Now, an issue has been opened against OSC. Apparently someone has been relying on a bug in Nova to pass a different value to the API that what the schema should have allowed, and they are dismayed that the client no longer allows them to do this. They have asked [4][5] that we relax the client-side validation to allow them to continue relying on this bug. As you can probably tell from my comments, this seems to me to be an open and shut case: you shouldn't fork an OpenStack API and you shouldn't side-step validation. However, I wanted to see if anyone disagreed and thought there was merit in loose or no validation of API requests made via our clients.
Although its modified API case but Nova bug but in case of Nova bug also raise a very good point. If Client is having such validation and protect users for such kind of API/server side bug then it help us to fix the bug without any user impact. Having more kind of such validation are even better for UX perspective. and the modified APIs case (which is the case of story/2008975) is something we want people to avoid and encourage to integrate the changes in upstream as per eligibity. That was whole point of removing the API extensions concept from Nova. IMO, this is right change in Client side and improve the overall UX. -gmann
Let me know what you think, Stephen
[1] https://github.com/openstack/python-openstackclient/blob/5.5.0/openstackclie... [2] https://github.com/openstack/python-openstackclient/blob/5.5.0/openstackclie... [3] https://github.com/openstack/python-openstackclient/blob/5.5.0/openstackclie... [4] https://storyboard.openstack.org/#!/story/2008975 [5] https://github.com/openstack/python-openstackclient/commit/ab0b1fe885ee0a210...
On 2021-06-22 17:39:42 +0100 (+0100), Stephen Finucane wrote: [...]
Apparently someone has been relying on a bug in Nova to pass a different value to the API that what the schema should have allowed, and they are dismayed that the client no longer allows them to do this. [...]
I can't find where they explained what new policy they've implemented in their fork.
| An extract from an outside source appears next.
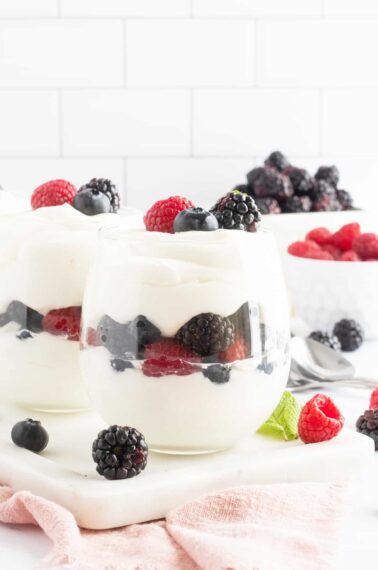 Swedish creme and summer berries in a clear glass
Perhaps if they elaborated on the use case, it could be it's something the Nova maintainers would accept a patch to officially extend the API to incorporate, allowing that deployment to un-fork? -- Jeremy Stanley
On Tue, 2021-06-22 at 17:17 +0000, Jeremy Stanley wrote:
On 2021-06-22 17:39:42 +0100 (+0100), Stephen Finucane wrote: [...]
Apparently someone has been relying on a bug in Nova to pass a different value to the API that what the schema should have allowed, and they are dismayed that the client no longer allows them to do this. [...]
I can't find where they explained what new policy they've implemented in their fork. Perhaps if they elaborated on the use case, it could be it's something the Nova maintainers would accept a patch to officially extend the API to incorporate, allowing that deployment to un-fork? my understandign is that they are trying to model fault domains an have a fault domain aware anti affintiy policy that use host-aggreate or azs to model the fault to doamin.
they reasched out to us downstream too about this and all i know so fart is they are implemetneign there own filter to do this which is valid. what is not valid ti extending a seperate api in this case the server group api to then use as an input to the out of tree filter. if they had use a schduler hint which inteionally support out of tree hints or a flaovr extra spec then it would be fine. the use fo a custom server group policy whne the server groups is not a defiend public extion point is the soucce of the confilct. the use case of an host aggrate anti affinti plicy while likely not efficent to implement is at leaset a somewhat resonable one that i could see supporting upstream. although there are many edgcases with regard to host being in mutliple host aggreates. if they are doing this based on avaiablity zone that is simler since a hsot can only be in one az. in anycase it woudl be nice if they brought there usecase upstream or even downstream so we could find a more supprotable way to enable it.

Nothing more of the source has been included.